Mortgage Backed Securities (MBS) are usually bought up in large quantities and rolled up into someting called a Collateralized Debt Obligation (CDO). The CDO generates money from all of the income streams from the individual mortgages. The value of the CDO is graded by the sum of those income streams. This is why investors like them. If in a situation like what is now happening, large numbers of mortgages are in need of renegotiating and that is allowed to happen the income stream becomes much less and the value of the CDO is no longer what the investor paid for. Being a smart investor, most of the Hedge Fund Managers insure there CDO's with Credit Default Swaps (CDS) just in case of the scenario above.

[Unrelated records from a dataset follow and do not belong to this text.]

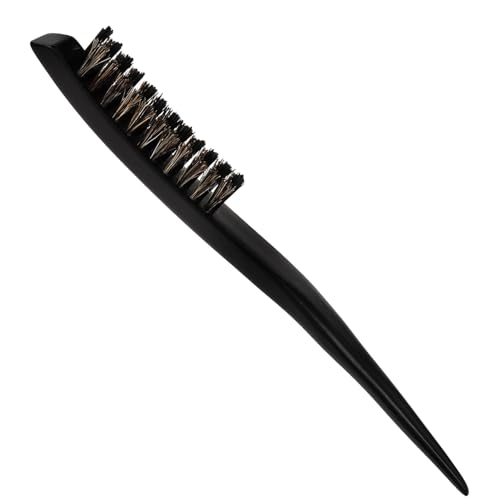 OHPHCALL Slick Back Brush Glättungskamm Borstenbürste für Dickes und Langes Haar Holzgriff Hartborsten für Damen zum Entwirren und Stylen von OHPHCALL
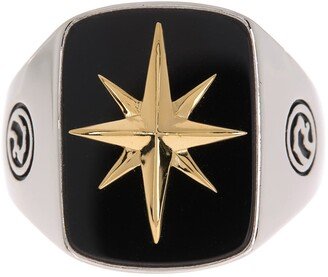 Sterling Silver & 18K Yellow Gold Star Onyx Ring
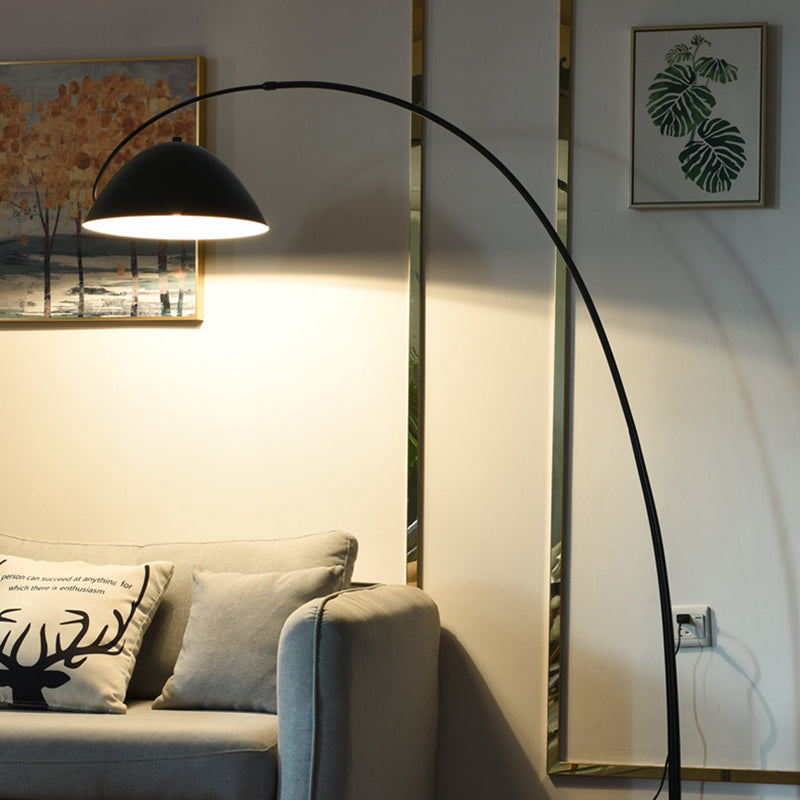 Avi Modrn Fishing Rod Metal Floor Lamp, Black | Fioriscas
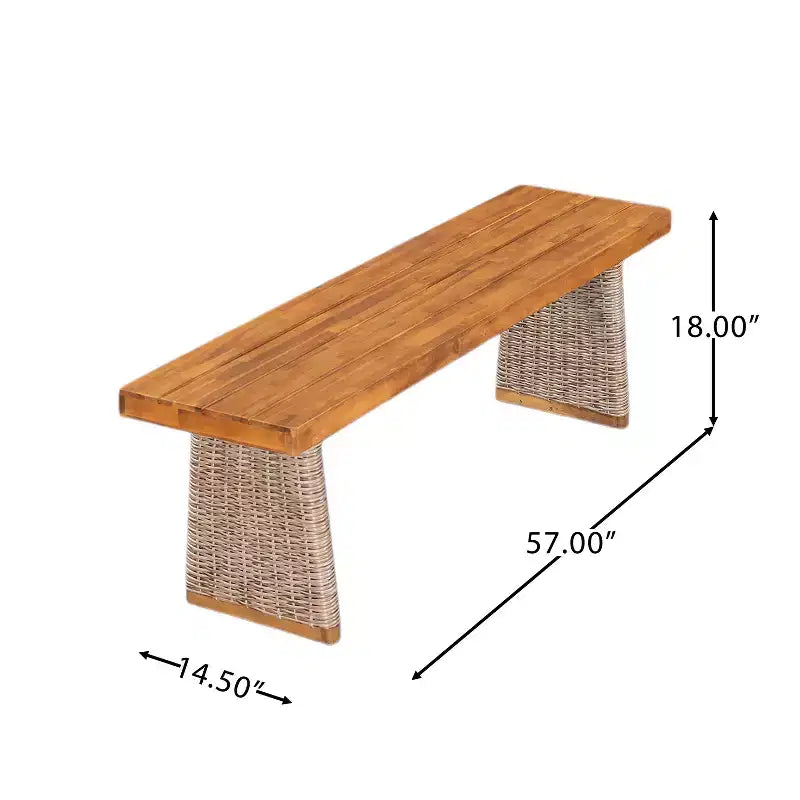 Banc d'extérieur Tori en bois d'acacia et rotin avec assise à lattes Christopher Knight Home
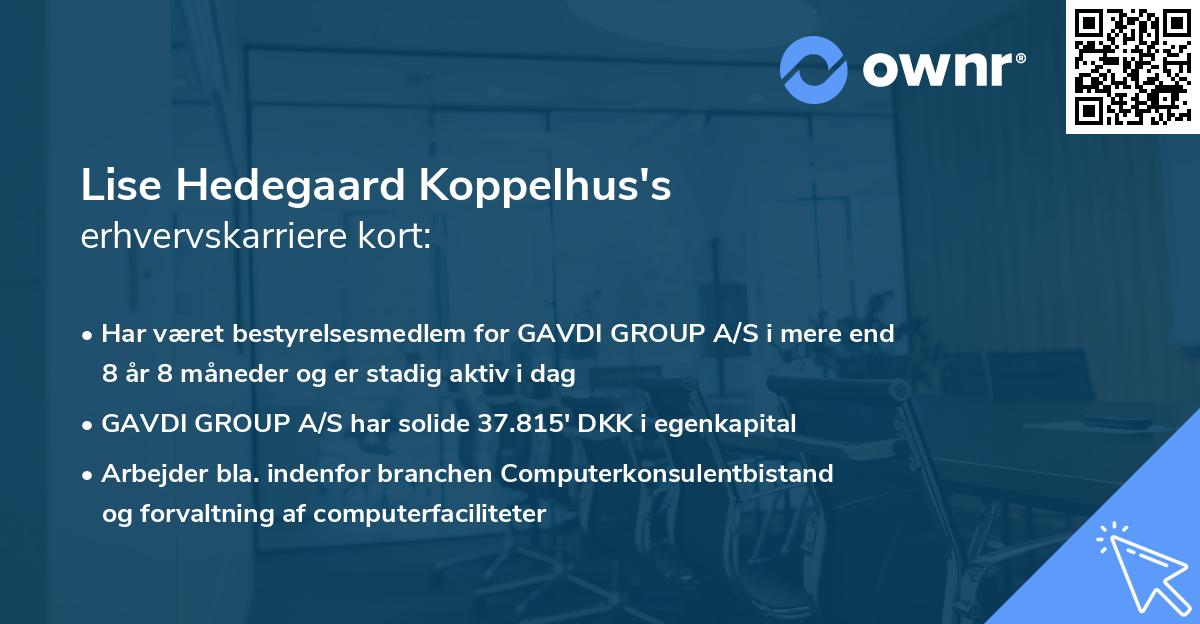 Lise Hedegaard Koppelhus's erhvervskarriere kort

Should a CDO start going downhill from lowered income streams it will trigger an predetermined event threshold in the CDS contracts to cause them to pay out to the investor.

If you were an investor, why would you wait that long for the CDS to payout. You instruct the mortgage servicers to NOT negotiate which causes Foreclosures, which trigger the CDS much quicker and you have your money from the CDS payout much faster instead of getting less and less from the income streams. You win from the insurance and the mortgage company wins because they get the asset. They are pushing this especially in home mortgages where there is a good deal of equity still in the house(where people did the right thing and put a large amount of money down on the house) and the mortgage value is lower, not in the 'underwater' mortgage scenarios.